CIPHOC Unitomo Gelar Pameran Fotografi Ampuh




Surabaya,- Nuswantoro pos.com Unit Kegiatan Mahasiswa (UKM) Communication Photography Club (CIPHOC) Universitas Dr Soetomo (Unitomo) menggelar pameran Fotografi Analog AMPUH ‘Menolak Punah, Kamis (13/7).

Menurut Ketua Pelaksana, Adrianus Masang Maran, pameran fotografi Analog menggunakan media roll film dalam pengambilan foto untuk menjadi sebuah mahakarya. Selain pameran, UKM Ciphoc mengemasnya berbeda yaitu dengan menampilkan Fashion Show dan dimeriahkan dengan Pencak Silat PSHT.

“Pada pameran ini kami membuat rangkaian acara fashion show dengan mengenakan busana batik dan memberikan kesempatan hunting bersama dengan pengunjung UKM Fotografi Se-Jawa Timur,” ungkapnya.

Pameran ini juga mengusung tema budaya untuk memperlihatkan warisan batik yang dikemas secara modern serta menambah nilai jualnya karena dibuat oleh anak muda Indonesia.
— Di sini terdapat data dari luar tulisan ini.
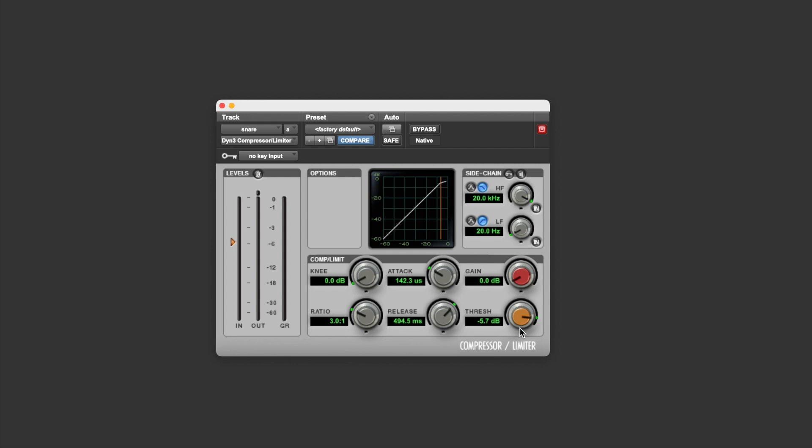So let's send some signal into this compressor, and let's have a look at this in action. Now you can see there that the input and the output are exactly the same. That's because no compression is being applied. None of the signal is being turned down, and that's because all of the signal at the minute is below the level of the threshold.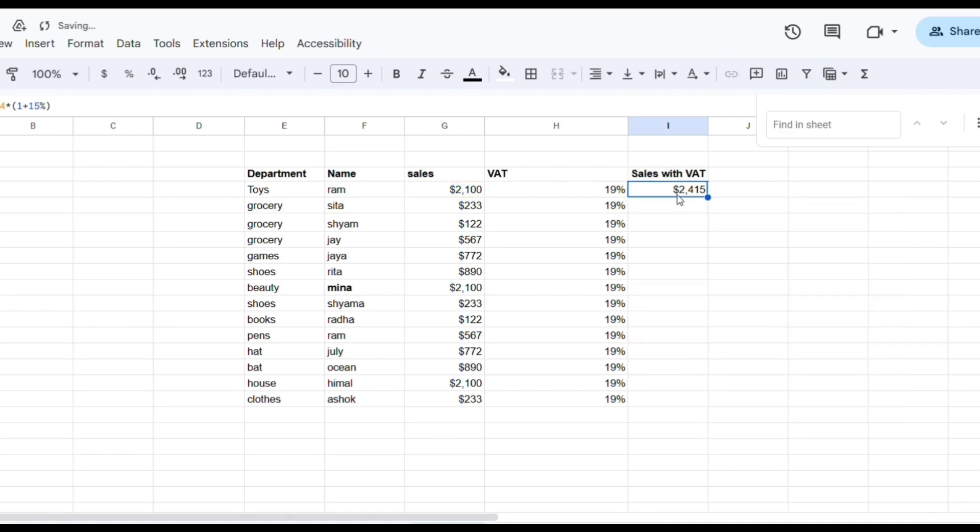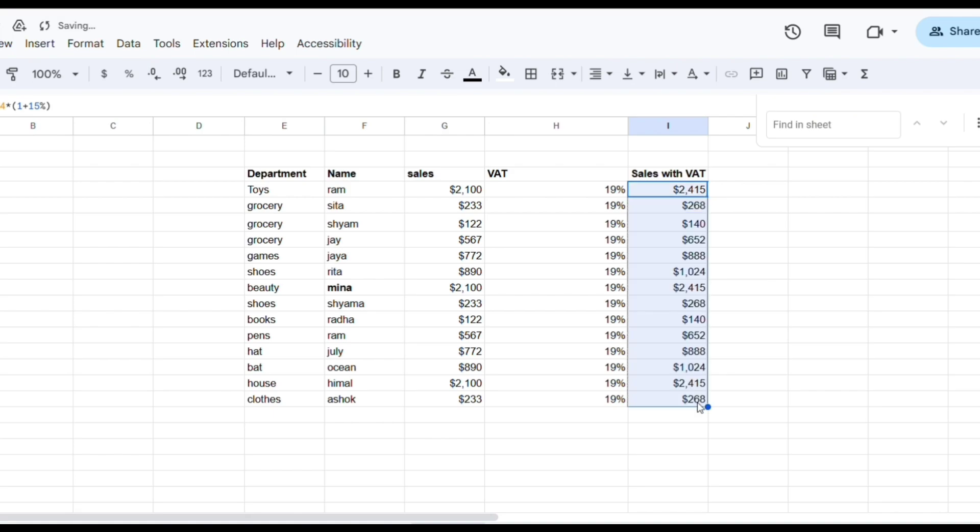Now you got sales with VAT amount of one cell. Now for whole column, click on the cell and point to the right bottom corner and drag it to the columns you want to calculate. Here you go, you have successfully calculated sales with VAT amount of whole column.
Batik yang dikenakan oleh para model ini dari Ulur Wiji yang masih menggunakan bahan dari pewarna alami sebagai bentuk upaya menjaga lingkungan.

“Inilah yang menjadi daya tarik kami tentang warisan budaya yang diperkenalkan dengan model yang mengikuti perkembangan zaman sekarang,” tambahnya.

Salah satu karya berjudul Pudar hasil jepretan Masang Maran. Ia menggambarkan kumpulan buku-buku di perpustakan yang tidak terbaca dan seorang mahasiswa yang enggan membaca tapi bermain gadget. Ada juga karya Putri Yeza yang mengambarkan kebiasan suap menyuap untuk melancarakan segala urusan.

Sementara itu, Rektor Unitomo, Dr Siti Marwiyah SH MH mengaku sangat mengapresiasi dan mendukung penuh kegiatan mahasiswa yang tergabung dalam UKM Ciphoc.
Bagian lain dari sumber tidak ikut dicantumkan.